Speaking to The Sunday Morning Business, AASL Chairman Maj. Gen. (Retd) G.A. Chandrasiri stated that a slowdown in the project was expected given that the prevailing foreign exchange liquidity issues were affecting construction work, but assured that the project would not be abandoned at any point.
Accordingly, despite the halt in State construction projects and the Prime Minister’s recent decision to temporarily suspend payments to contractors, the construction work of Terminal II at BIA is expected to continue.
“We are continuing the construction, we are not stopping. This project is taking place inside a functional airport. We cannot abandon it just like that. A hundred aircraft are landing each day. How can we stop when there is a massive building in the centre? Under no circumstances are we going to stop,” he asserted.

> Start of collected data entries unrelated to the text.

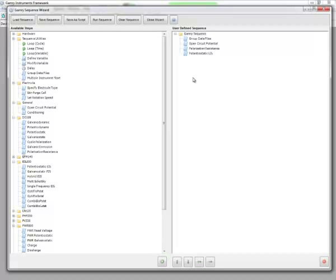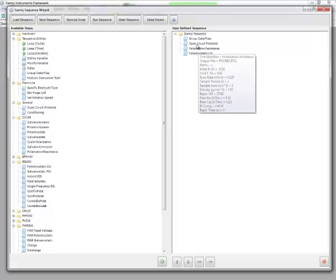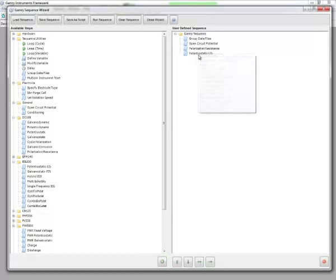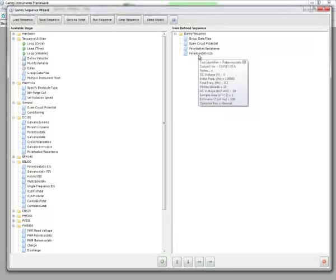As we can see, the last sequence that I ran was the basic sequence, where I simply ran open circuit potential, polarization resistance, and potentiostatic EIS.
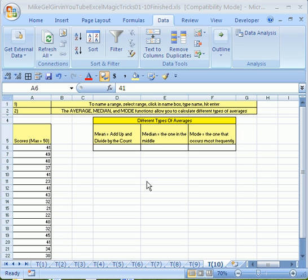There's lots of averages. We're going to look at three of them. The mean is adding them all up, dividing by the count. The median is the one in the middle, and the mode is the one that occurs most frequently.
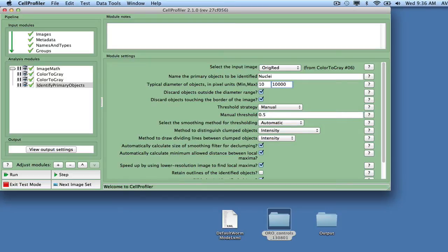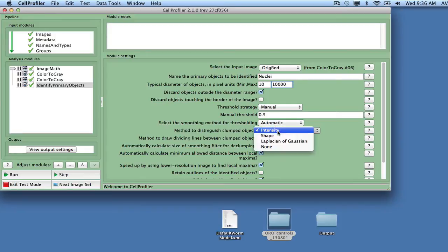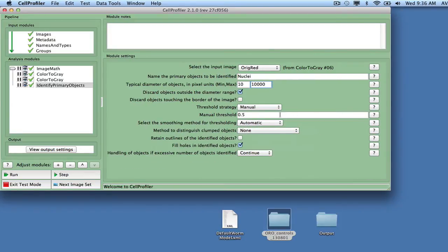Make sure not to discard objects touching the border of the image, as we do not want to lose clusters of worms where only one or a few worms are partly outside the field of view. In this case, we will not attempt to separate touching objects, and we will call the output Well and Bubbles.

However, he noted that due to the fuel shortage, transportation of raw materials would get delayed.
“For example, you can see that there is a diesel shortage – we need 38,000 litres per day to go ahead with this entire project in full swing. We cannot proceed in full swing because we do not have fuel. We can only provide 6,000 litres. That is certainly affecting the project. It is the external factors that are slowing down our project,” Chandrasiri claimed.
Japanese construction firm Taisei Corporation is the contractor for the project, which is being funded by Japan International Cooperation Agency (JICA).
The long-delayed and urgently-needed second terminal will have a capacity of nine million passengers per annum, bringing the total capacity of the BIA to 15 million. The delay in Terminal II was mainly due to a deadlock of several years, when JICA refused to budge from the original quotations submitted by two Japanese contractors, which were 46% and 96% higher than the engineer’s estimate.